Ha già avuto dei riconoscimenti ai festival? Che strada vorreste seguire per la sua diffusione?
“Il documentario sta circolando nel circuito dei festival da Aprile e vorremmo lasciarlo fino a Gennaio. A Maggio ha vinto due premi a Las Vegas e siamo stai nominati per un festival in Gran Bretagna. Abbiamo realizzato anche delle proiezioni private. Ad esempio per una scuola di leadership della fondazione Olivetti, la Italian Academy dell’Università del Nevada. Successivamente vorremmo trovare una distribuzione”.

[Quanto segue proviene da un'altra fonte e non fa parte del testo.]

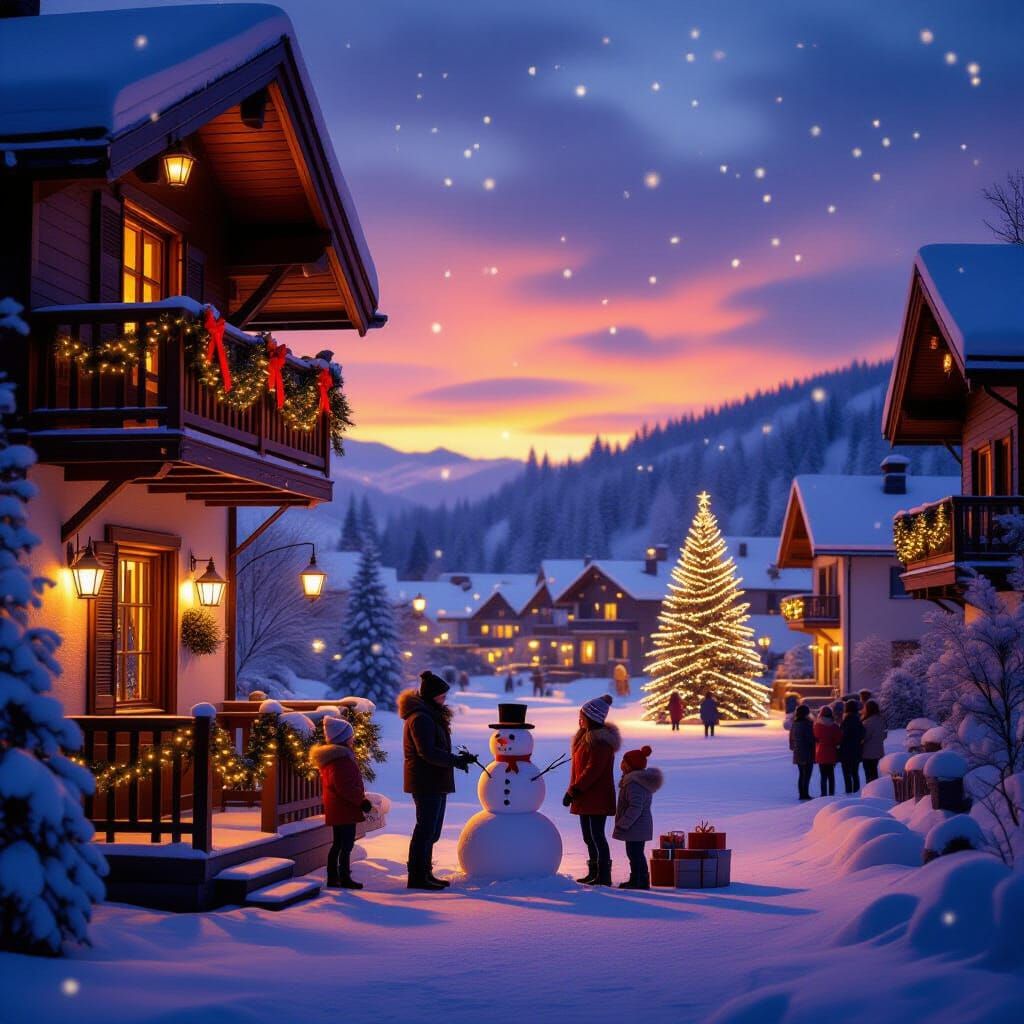 Cozy Snow Village at Sunset with Family Building Snowman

Ti piacerebbe continuare a creare in ambito cinematografico?
“Si, mi piacerebbe iniziare a dirigere e a scrivere sceneggiature. Questo documentario già si presta per un sequel o addirittura per un prequel. Sicuramente vorrei, grazie alle mie esperienze in zone di conflitto, scrivere uno spy story che includa una storia d’amore ambientato in uno scenario di guerra”.

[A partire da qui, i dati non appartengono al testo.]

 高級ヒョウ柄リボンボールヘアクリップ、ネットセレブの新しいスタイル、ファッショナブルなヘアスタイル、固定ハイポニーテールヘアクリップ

A proposito della tua attività nelle zone di guerra, quali saranno le tue prossime tappe?
“Sono tornato da poco tempo dall’Afganistan e all’inizio del prossimo anno vorrei tornare in Libia in occasione delle elezioni, dove la situazione è sempre abbastanza tormentata. Diciamo che svolgo una attività che ormai è di pochi e che secondo me è una forma di giornalismo nobile e autentica. E’ per pochi perché ci vuole coraggio e passione per recarsi in luoghi dove gli altri non vogliono entrare. Non ci sono mediatori ai quali ti puoi appoggiare, ci sei solo tu con la tua anima e i tuoi occhi, che raccolgono tutto ciò che vedono e senza filtri ti trovi a raccontare situazioni tragiche, che la maggior parte delle persone non solo non vedrà mai, ma che spesso nemmeno conosce”.